Required action. Your answer must be an exact copy of the entries below, with no pictures in it.

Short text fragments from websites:
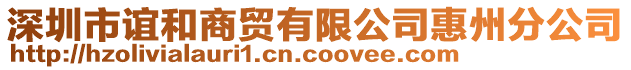 深圳市誼和商貿(mào)有限公司惠州分公司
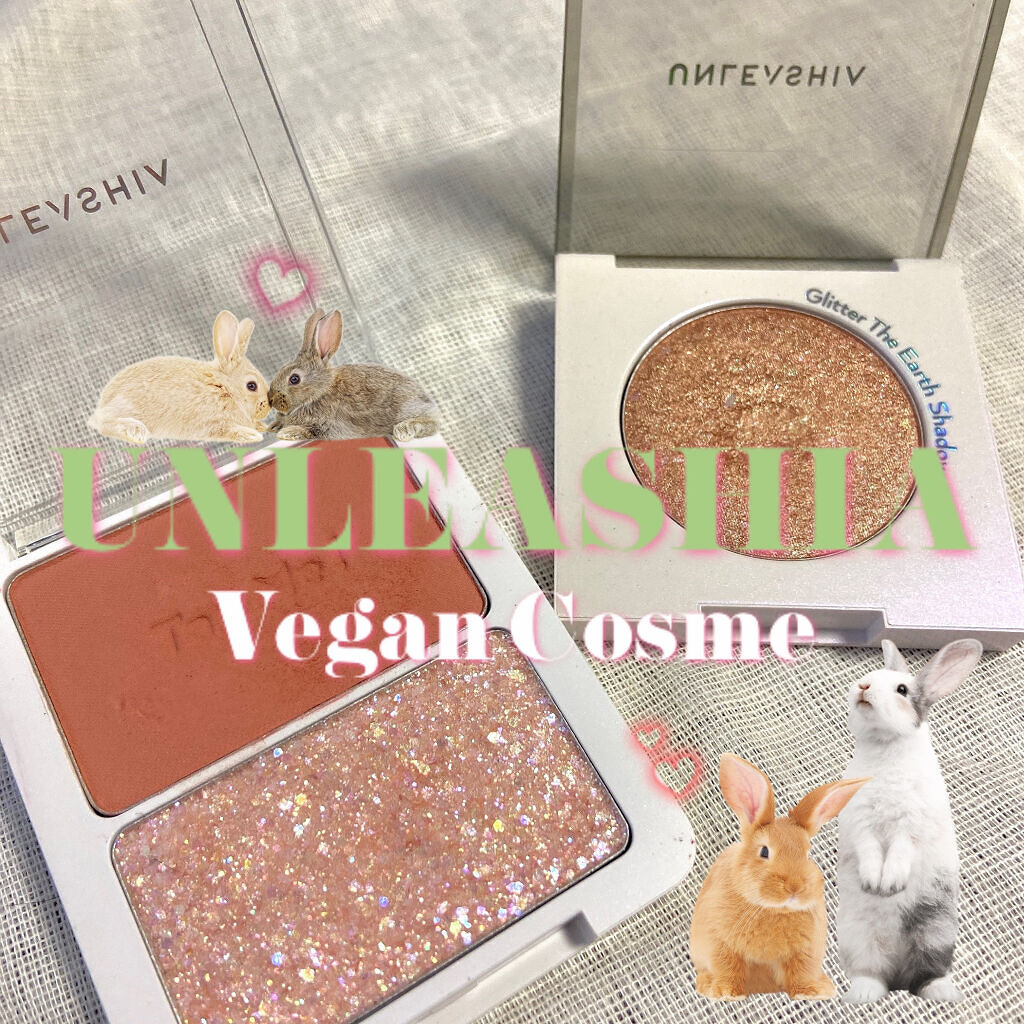 グリッター ザ アースシャドウ/unleashia/単色アイシャドウを使ったクチコミ（1枚目）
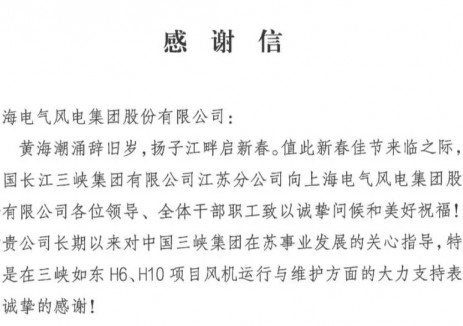 共赴深蓝：电气风电与三峡集团江苏分公司携手共赴“十五五”新征程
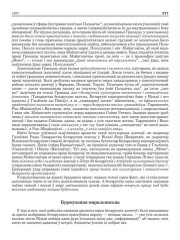 Буржуазная маральнасьць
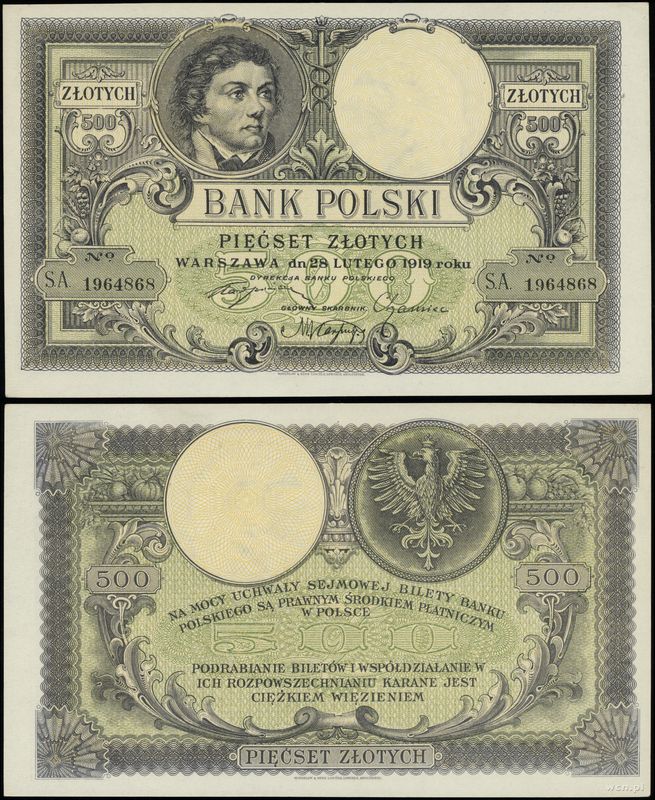 Polska, 500 złotych, 28.02.1919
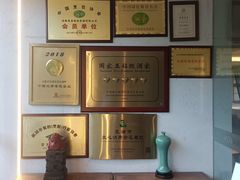 -墨宴(西洋湖店)
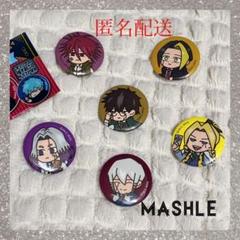 マッシュル マルイ マジシャン 缶バッジ カルド・ゲヘナ カルド マッシュル マルイ マジシャン 缶バッジ カルド・ゲヘナ カルド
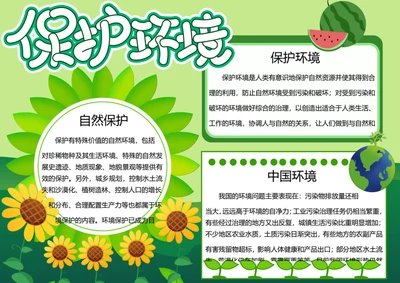 保护环境word小报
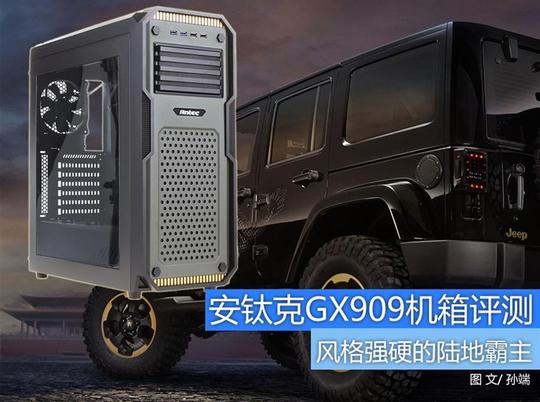 安钛克gx909军绿色中塔机箱(支持atx主板/支持超长显卡/顶部开关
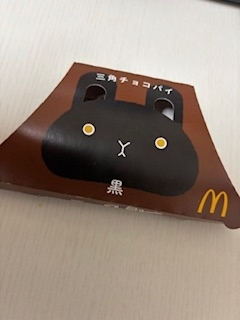 こんにちは????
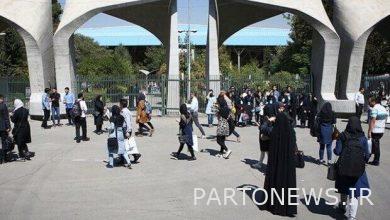 دانشگاه تهران پتانسیل تبدیل شدن به مرجع رتبهبندی در منطقه را دارد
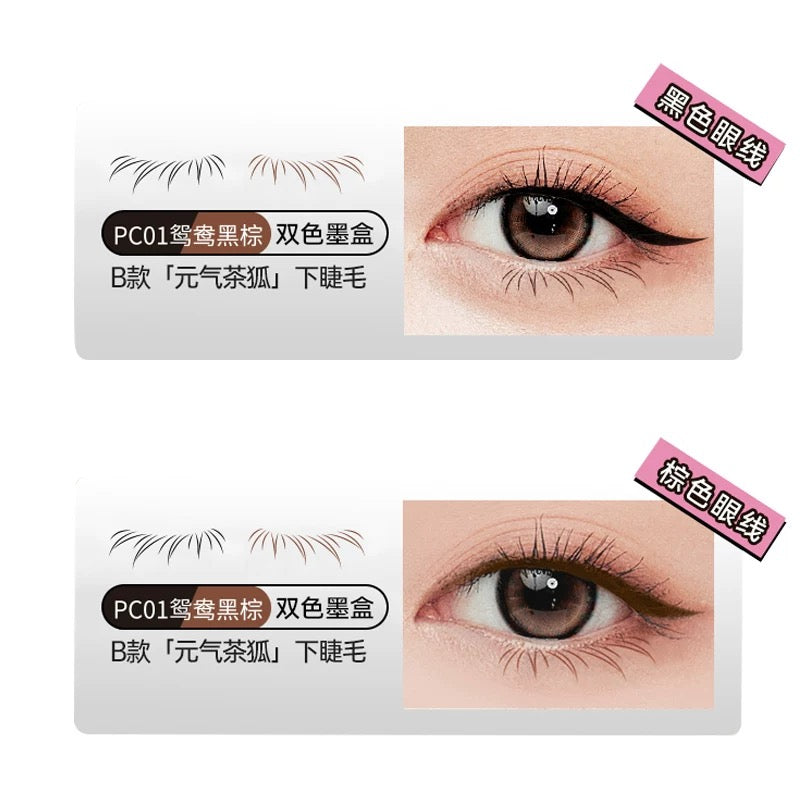 DEZONE Double-Ended Lower Eyelash Stamp 0.5ml+2ml 黛庄双头下睫毛印章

Exercise answer.
 深圳市誼和商貿(mào)有限公司惠州分公司
 グリッター ザ アースシャドウ/unleashia/単色アイシャドウを使ったクチコミ（1枚目）
 共赴深蓝：电气风电与三峡集团江苏分公司携手共赴“十五五”新征程
 Буржуазная маральнасьць
 Polska, 500 złotych, 28.02.1919
 -墨宴(西洋湖店)
 マッシュル マルイ マジシャン 缶バッジ カルド・ゲヘナ カルド マッシュル マルイ マジシャン 缶バッジ カルド・ゲヘナ カルド
 保护环境word小报
 安钛克gx909军绿色中塔机箱(支持atx主板/支持超长显卡/顶部开关
 こんにちは????
 دانشگاه تهران پتانسیل تبدیل شدن به مرجع رتبهبندی در منطقه را دارد
 DEZONE Double-Ended Lower Eyelash Stamp 0.5ml+2ml 黛庄双头下睫毛印章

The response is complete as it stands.